SLO County supervisors weigh in on CEQA reform

March 5, 2017

T. Keith Gurnee


Late last month, the San Luis Obispo County Board of Supervisors considered the Planning Priorities Report as prepared by the Planning and Building Department that outlined what the department felt those priorities should be. That department quickly discovered that the board had very different ideas as driven home by supervisors John Peschong and Lynn Compton.

Moving squarely to the top of the list was the long-overdue overhaul of the county’s administration of the California Environmental Quality Act (CEQA). The county’s CEQA process has been secretive and slanted for the better part of 30 years.

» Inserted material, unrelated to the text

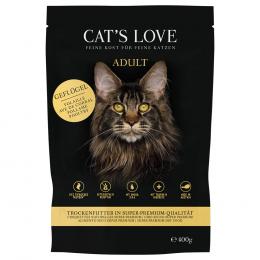 Angebot für Cat´s Love Adult Geflügel - 400 g - Kategorie Katze / Katzenfutter trocken / Cat´s Love / -.  Lieferzeit: 1-2 Tage -  jetzt kaufen.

The group responsible for overseeing the preparation of EIR’s in this county has long pursued a hidden agenda, earning the moniker of “the opposition team.”

Many of the EIR’s prepared by the county and its narrow team of consultants have been little more than slanted “hit pieces.” Where EIR’s were intended to be objective, informative, and truthful, many of the EIR’s processed by this county have been subjective, misrepresentative, and inaccurate. This has to change, and this board has showed the determination to make that change.

The board unanimously acted to direct the department to return for the revised Planning Priorities Report ASAP reflecting the board’s clear directive to fix the CEQA process and do it soon. With the solid backing of the board, the leadership of the department now has the authority to do what it should and must do.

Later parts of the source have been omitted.